Directions for this task:
Below are some records. Set down exactly the line holding "Wallpaper Magazine November" and every later line through the end, omitting the pictures.
─── Task material
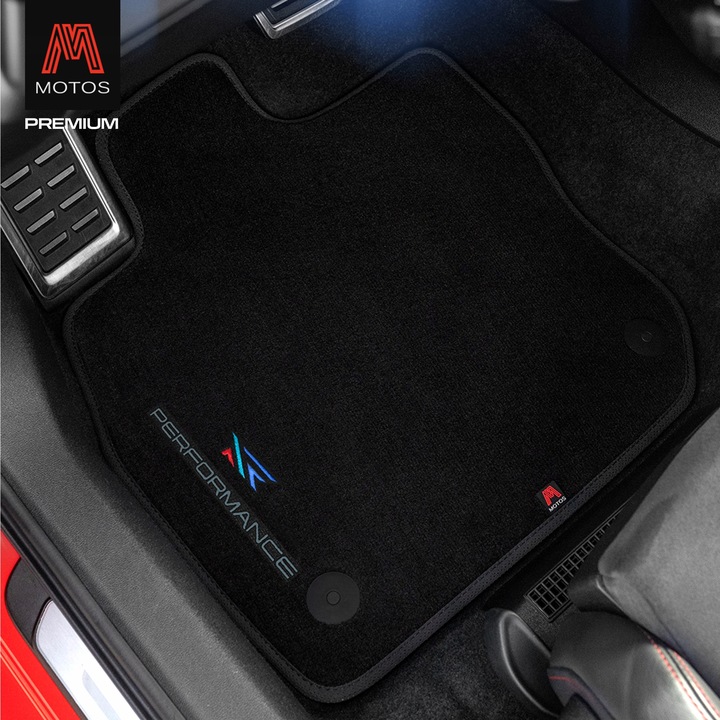 ALFOMBRILLAS DE FELPA PERFORMANCE PREMIUM PARA HONDA HR-V II 2015-2021 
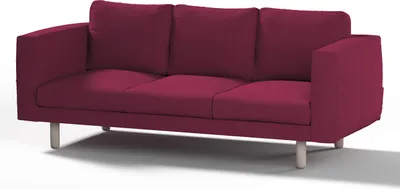 Produktbild von Dekoria Bezug für Norsborg 3-Sitzer Sofa, pflaume , Norsborg 3-Sitzer Sofabezug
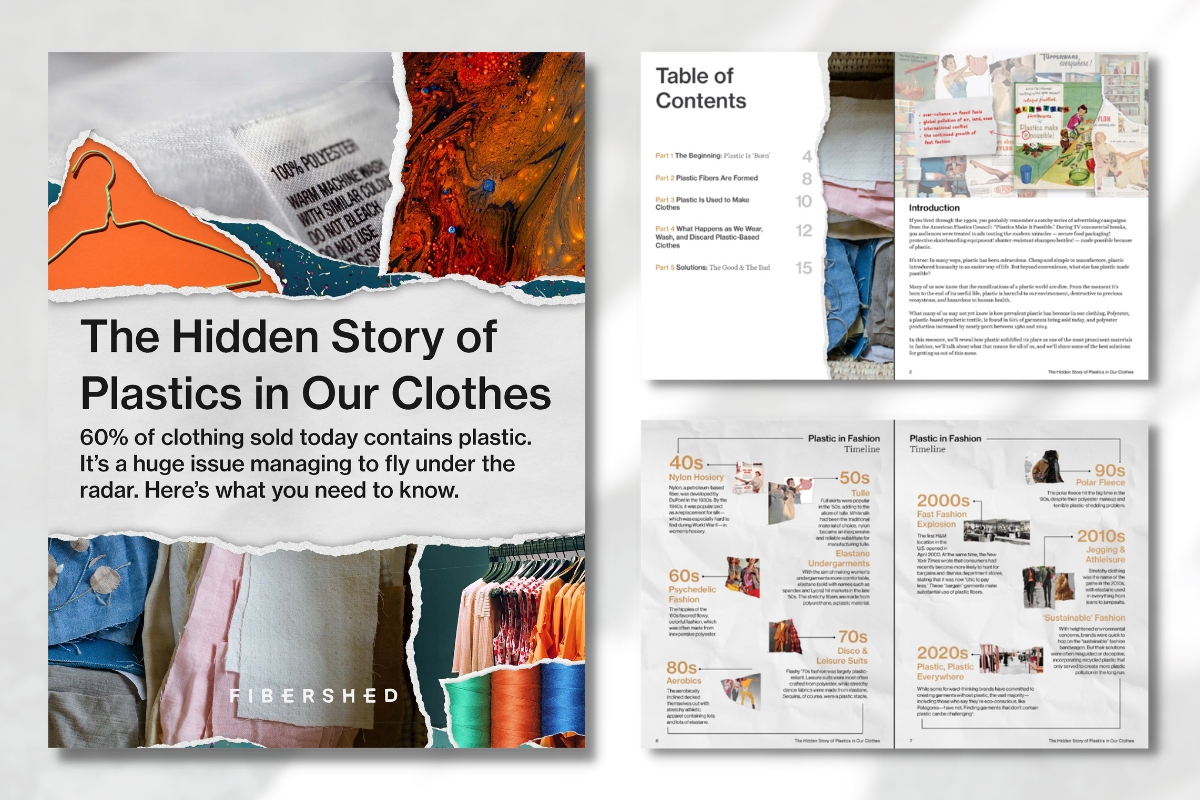 The Hidden Story of Plastics in Our Clothes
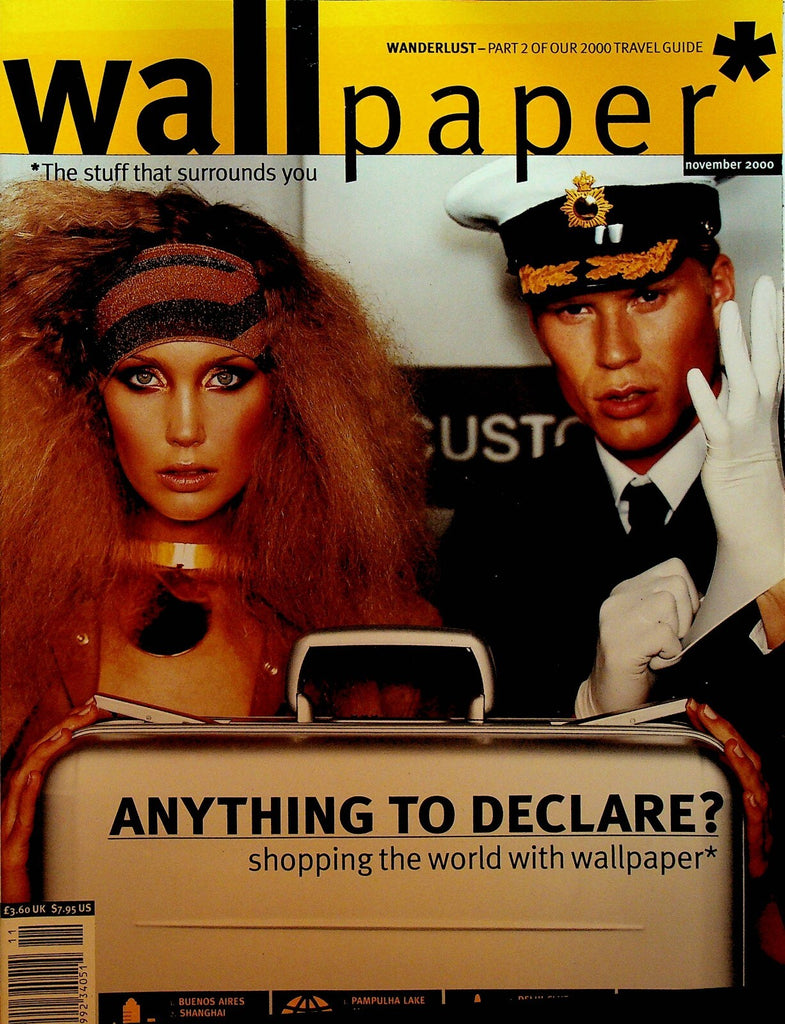Wallpaper Magazine November 2000 Travel Oscar Niemeyer0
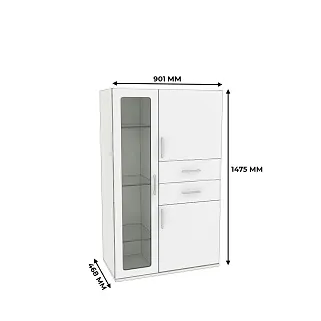 Шкаф- витрина низкий P130 L/R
──────
Solution to the problem:
Wallpaper Magazine November 2000 Travel Oscar Niemeyer0
 Шкаф- витрина низкий P130 L/R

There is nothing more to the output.